Pour l'heure, alors que la catastrophe naturelle se double d'une catastrophe humaine, avec un bilan qui ne cesse de s'alourdir, les ingénieurs du Sertit poursuivent jour et nuit leur travail. Nous ne sommes mobilisés pour le moment que sur la Turquie. Mais cela pourrait changer. Tout va très vite, dans ce genre de situation. Pas le temps de chômer, car en parallèle nous travaillons déjà à une cartographie de feux de forêt au Chili.

Programme Copernicus et Charte internationale Espace et catastrophes majeures : des outils universels au service de la gestion de crise

  • Copernicus

Depuis 2012, Copernicus EMS Rapid Mapping, qui fait partie d'un service central de la Commission européenne, fournit à tous les acteurs impliqués dans la gestion des catastrophes naturelles, des situations d'urgence d'origine humaine et des crises humanitaires, des informations géospatiales précises et opportunes dérivées de la télédétection par satellite et complétées par les données disponibles (sources de données in situ ou ouvertes). Les informations générées peuvent être utilisées telles quelles ou combinées avec d'autres sources de données (par exemple, en tant qu'ensembles de caractéristiques numériques dans un système d'information géographique). Dans les deux cas, le service peut soutenir l'analyse géospatiale et les processus de prise de décision des gestionnaires d'urgence. Il ne peut être activé que par des utilisateurs autorisés. Le portefeuille de services de cartographie rapide comprend des cartes pré-événement (référence) et des cartes post-événement (délimitation et gradation).

  • Charte internationale Espace et catastrophes majeures

Lancée en 1999 par le Centre national d'études spatiales (CNES) et l’European Space Agency - ESA, cette charte réunit aujourd’hui 17 agences spatiales membres qui fournissent gratuitement et le plus rapidement possible des images satellites sur une zone sinistrée.
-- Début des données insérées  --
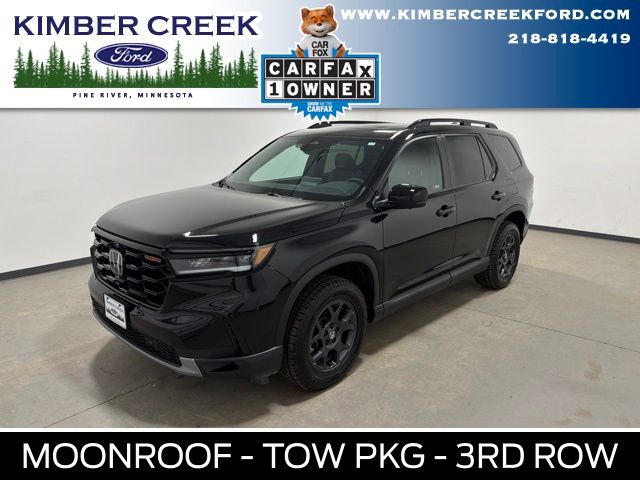 2025 Honda Pilot TrailSport AWD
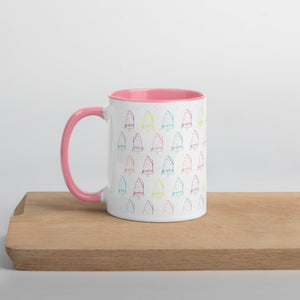 Optimist Mug with Color Inside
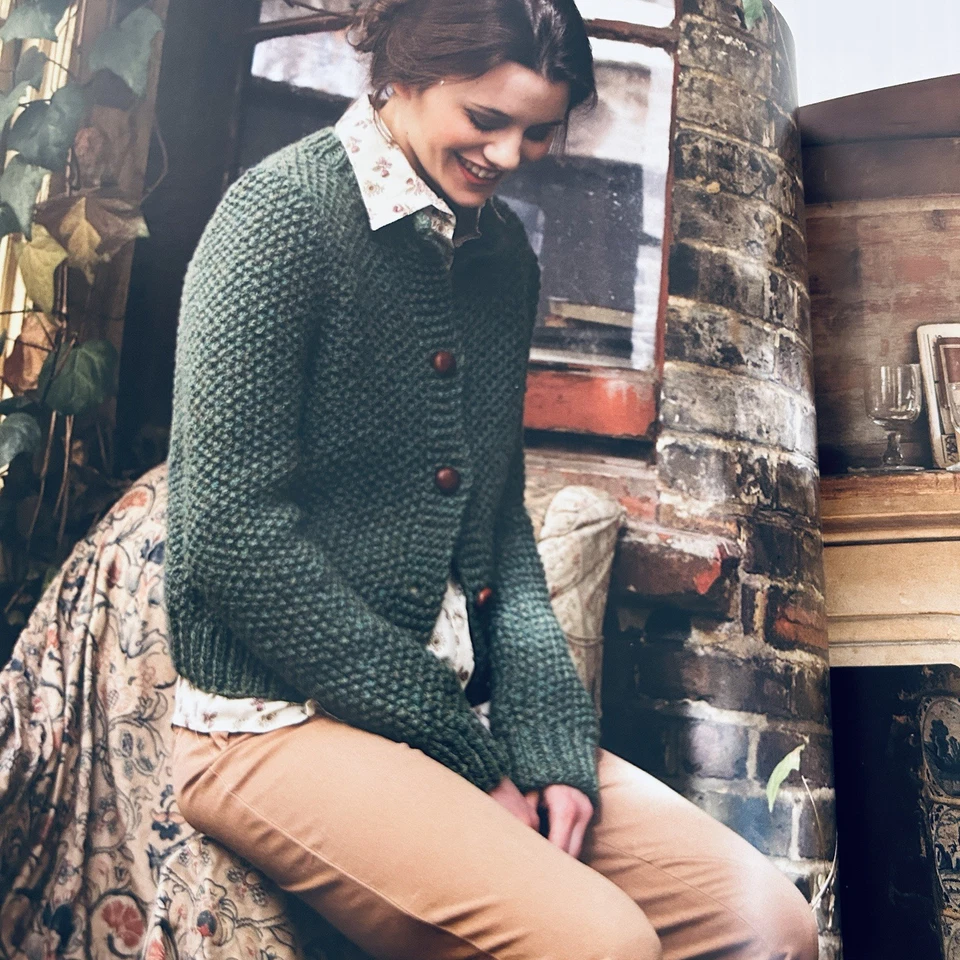 Debbie Bliss Knitting Pattern Book PALOMA 9 Knitted Designs for Women - Image 4 of 4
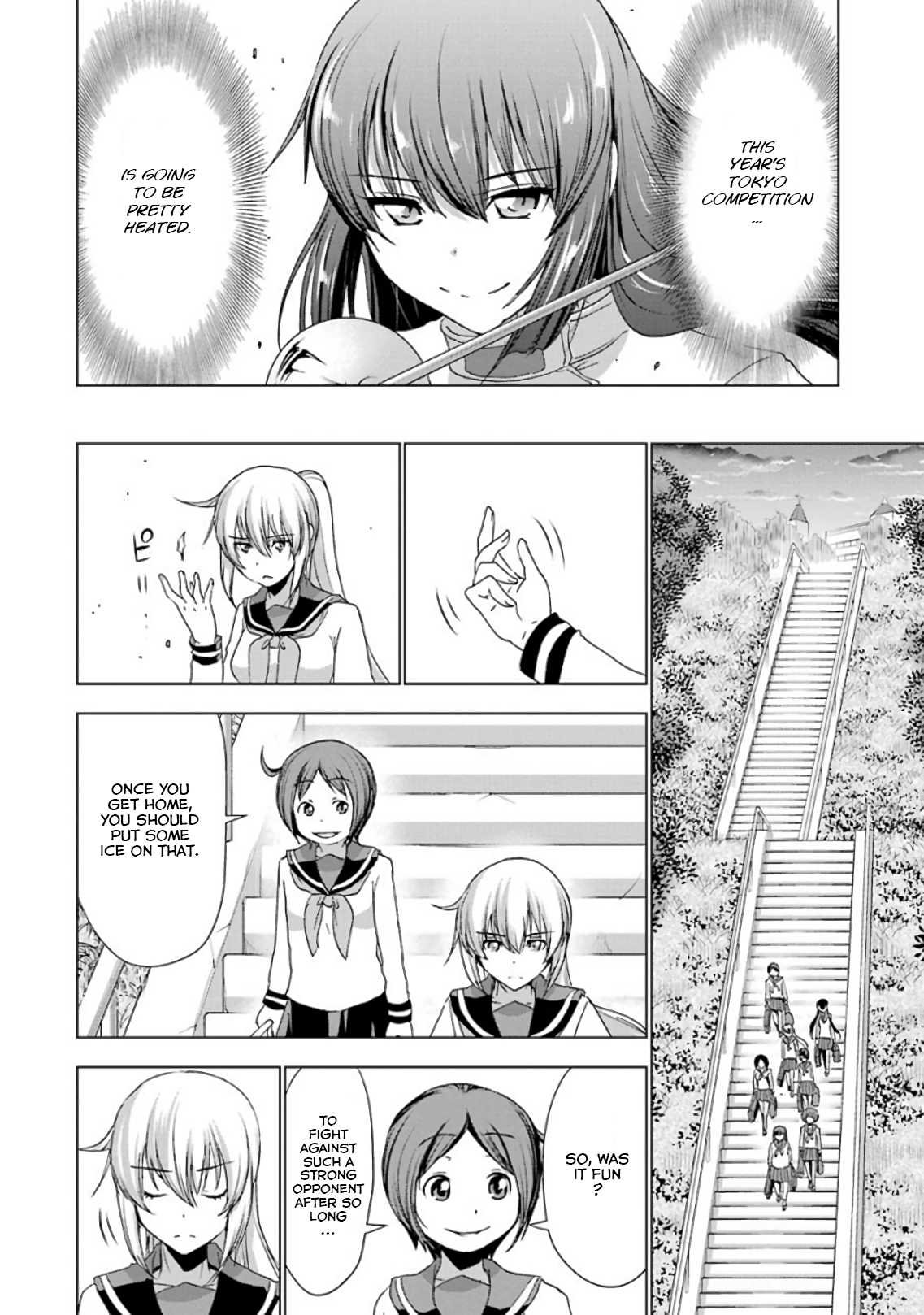 Duel! Chapter 16 page 11 - Chapter 16: A big step forward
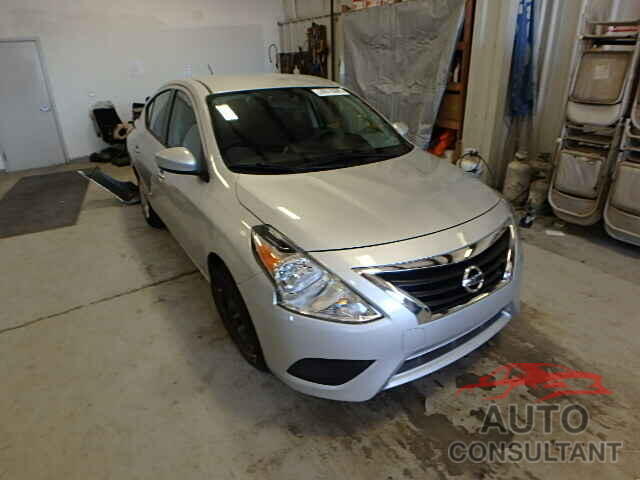 NISSAN VERSA 2015 - 3N1CN7AP9FL819106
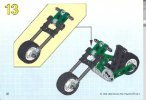 Notice / Instructions de Montage - LEGO - 8208 - MOTOR BIKE: Page 16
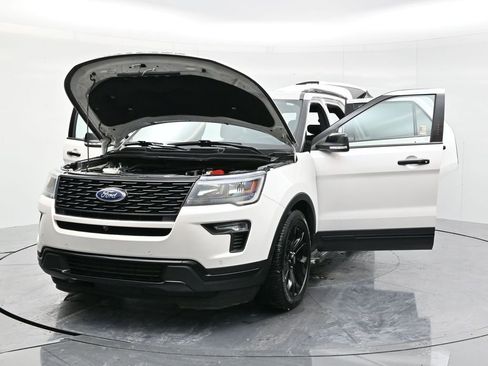 Used 2019 Ford Explorer Sport w/ Equipment Group 401A image 63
Depuis 2000, la charte a été activée près de 800 fois dans plus de 154 pays. Une flotte de plus de 200 satellites peut être mobilisée de façon prioritaire. La charte Espace et catastrophes majeures dépasse les clivages géopolitiques ou économiques : grâce à l’entente entre de nombreux pays, elle fournit un accès universel à la donnée spatiale lorsque la situation l’exige, souligne Philippe Baptiste, président du CNES, sur son compte Linkedin.